Since Syria's civil war began three years ago, its neighbor Lebanon has mostly managed to stay out of the fighting. But this last weekend, that fighting spilled over the border in a way that suggests Lebanon might be drawn into that intractable war next door. Anne Barnard is the bureau chief in Beirut for The New York Times. And we reached her to get an explanation of what is going on there. Good morning.

ANNE BARNARD: Good morning. Thank you.

MONTAGNE: Now, you were just up in the area where some of those clashes took place in the North, Bekaa Valley. Tell us what you found there.

BARNARD: Well, along the mountainous border with Syria, there are many villages where tensions have been growing higher over the last three years. They're really eager to stay out of the Syrian conflict and particularly to avoid the sectarian dimension that has crept into the conflict. But there's a town called Arsal, which is in the mountains above the Bekaa Valley, where many Sunni Syrian refugees, as well as insurgents mixing among them, are a presence. And the people in the valley - mostly Shiites, but with some Christians and Sunnis mixed in - are increasingly afraid that extremists among those insurgents are targeting them because they consider other sects infidels. So there's been new fighting along the border since August, when there was an open battle between the Lebanese army and insurgents in Arsal. And those attacks have come closer to villages which had long been peaceful. People there are dusting off their rifles, thinking about whether they're going to have to defend themselves.

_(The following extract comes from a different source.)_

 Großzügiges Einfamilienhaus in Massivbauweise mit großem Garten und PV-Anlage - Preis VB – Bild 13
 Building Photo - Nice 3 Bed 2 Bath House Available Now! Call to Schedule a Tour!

MONTAGNE: Now, you mentioned fighting a couple of months ago in August. Sunni militant groups, they crossed into Lebanon from Syria. That was a big moment. They captured dozens of Lebanese army soldiers. They beheaded several of them. Who are these militant groups, and why did they do that at that time?

BARNARD: There's a constellation of militant groups. On the ascendance is Jabhat al-Nusra, the Nusra front, which is the al-Qaida affiliate in Syria. And lately, some of those fighters have sworn allegiance to the Islamic State, which is the even more extremist group that has taken over parts of Iraq and Syria. So the conflict in Arsal was set off by the arrest of one of those fighters. And after that, their fighters swept into the center of the town of Arsal. They captured Lebanese soldiers. And they've continued to carry out probing attacks along the border, many people think because winter is coming and they need to establish some supply routes into Lebanon.

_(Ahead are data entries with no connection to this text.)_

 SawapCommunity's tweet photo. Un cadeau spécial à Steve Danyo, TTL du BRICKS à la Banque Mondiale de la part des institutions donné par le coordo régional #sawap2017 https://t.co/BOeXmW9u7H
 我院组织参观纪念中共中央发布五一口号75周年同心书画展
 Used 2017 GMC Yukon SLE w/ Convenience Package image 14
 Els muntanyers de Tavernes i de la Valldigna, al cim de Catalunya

MONTAGNE: What does all of this mean for Lebanon, which, of course, had a very long civil war, is held together despite very big sectarian divisions within it? So what's your sense of how stable Lebanon is now that this civil war has, in some sense, spilled over the border?

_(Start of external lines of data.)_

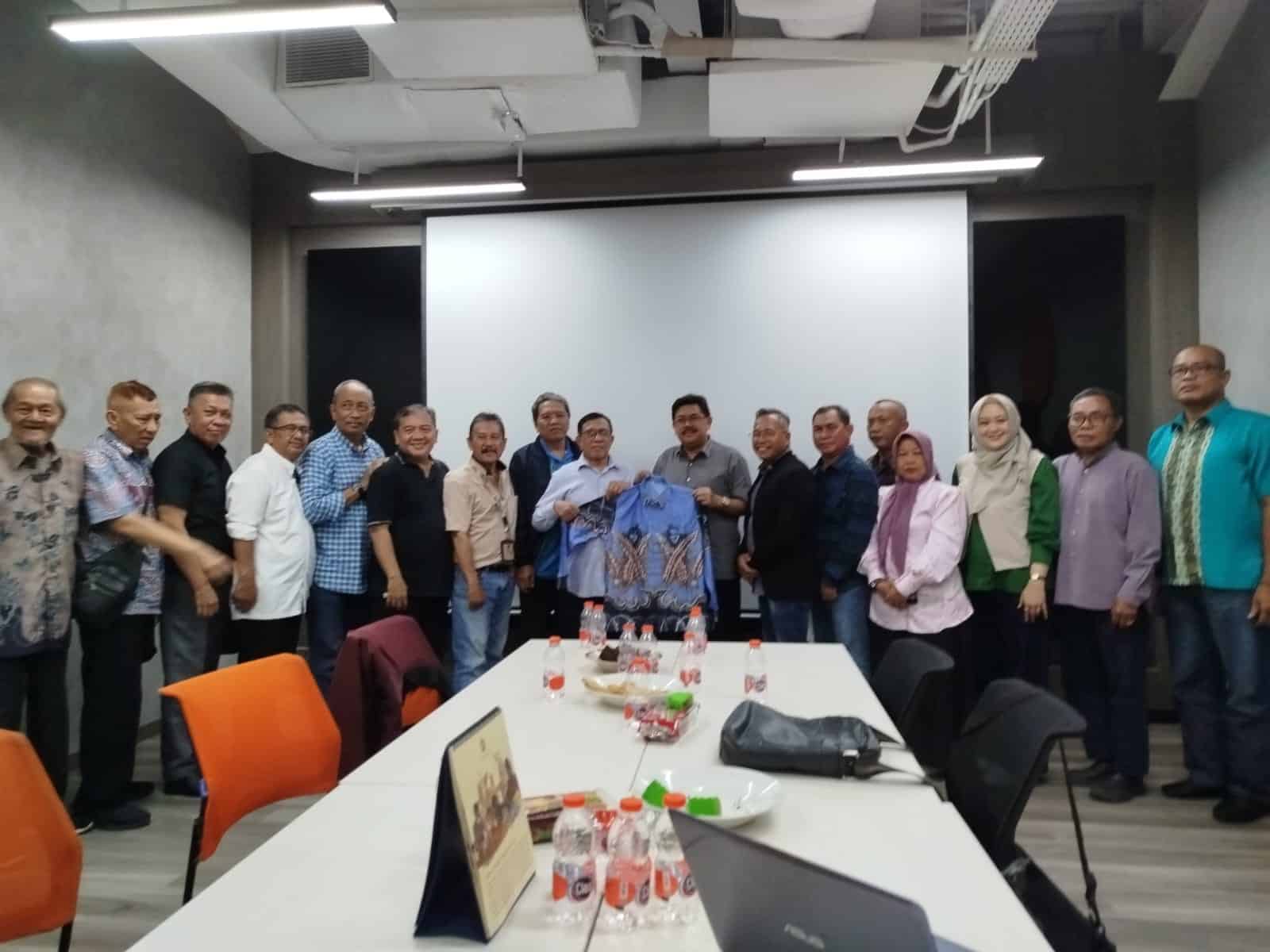 Ketua Umum PWI Pusat Hendry Ch Bangun pimpin Rapat Panpel HPN 2025 di Jakarta, Jumat (3/1/2025) sore. (Ist).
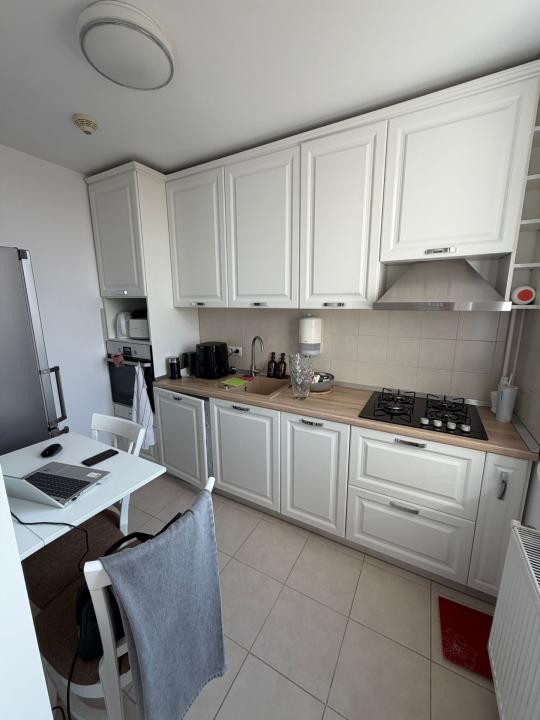 Studio cu nisa, Adora Pipera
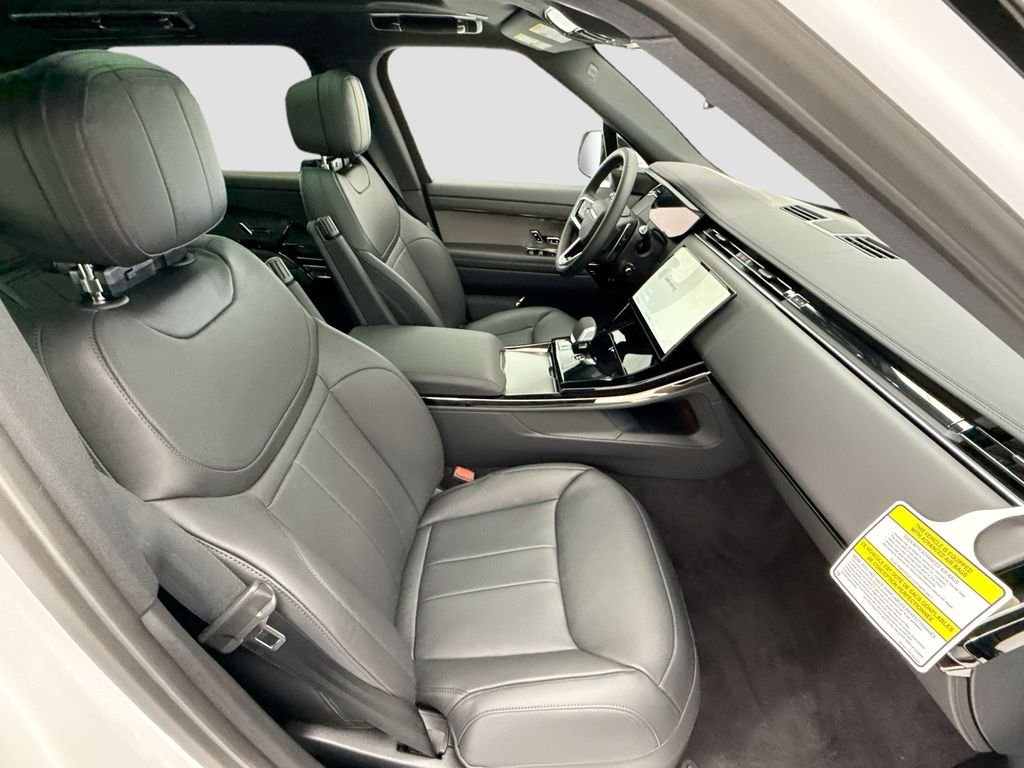 New 2026 Ostuni Pearl White Land Rover SE image 20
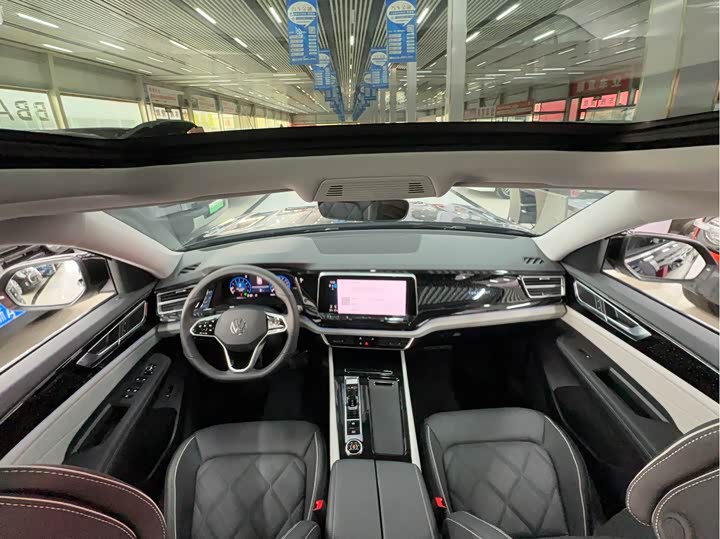 Volkswagen Teramont Pro 2025 2025款 380TSI 四驱出众版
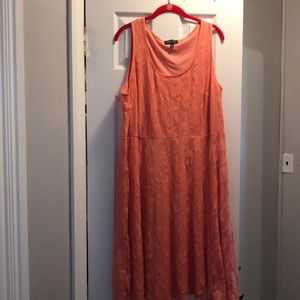 Women’s Plus Size Tea Length Sleeveless Dress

BARNARD: Lebanon is a bit of a paradox. On the one hand, as you say, it has a history of instability and division. On the other hand, in part because institutions are weak, there's a certain elasticity to the place. And people really are not eager to relive the civil war experience. And Lebanon has managed to absorb 1 million and more Syrian refugees into a country of 4 million. When you look at the intensity of the conflict next door and the volatility of Lebanon, it's actually remarkable that things are not worse here. So that's maybe the bright side.

MONTAGNE: Anne, thank you very much.

BARNARD: Thank you so much.

MONTAGNE: Anne Barnard is the Beirut bureau chief for The New York Times, speaking to us from the Beirut. This is NPR News. Transcript provided by NPR, Copyright NPR.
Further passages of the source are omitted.